Plot 4 — Rating vs Price

books %>%
  ggplot(aes(x = avg_rating, y = price)) +
  geom_jitter(alpha = 0.6) +
  geom_smooth(method = "lm", se = FALSE, color = "red") +
  labs(title = "Relationship Between Rating and Price",
       x = "Average Rating", y = "Price (£)")

`geom_smooth()` using formula = 'y ~ x'

Analysis:
I visualized the relationship between rating and price using a scatterplot with a line of best fit to see if we could visualize a trend between price and rating.

Interpretation:
This tells us there really isn’t a good correlation between price and rating, the line stays almost completely horizontal even with 120 book entries into the data set.

Plot 5 — Rating vs Number of Ratings

books %>%
  ggplot(aes(x = avg_rating, y = num_ratings)) +
  geom_jitter(alpha = 0.6, color = "darkgreen") +
  geom_smooth(method = "lm", se = FALSE) +
  labs(title = "Rating vs Number of Ratings (Engagement)",
       x = "Rating", y = "Number of Ratings")

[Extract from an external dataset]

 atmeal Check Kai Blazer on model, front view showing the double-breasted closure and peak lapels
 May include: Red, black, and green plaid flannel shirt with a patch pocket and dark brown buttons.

`geom_smooth()` using formula = 'y ~ x'

Analysis:
I plotted rating against number of reviews to evaluate whether higher ratings correlate with greater reader engagement.

Interpretation:
As the previous plot began to suggest, there is no correlation between engagement and the rating of the book.

4. Conclusion

Based on the analysis, there is no strong evidence that genre consistently predicts rating, price, or reader engagement. While some boxplots suggest minor variation across categories, the differences are not substantial enough to indicate a reliable trend. It is also likely that the results are influenced by the limited and uneven sample of available books, which can distort patterns that might appear in a larger dataset. In short, this analysis suggests that genre alone does not meaningfully determine how books are priced or received.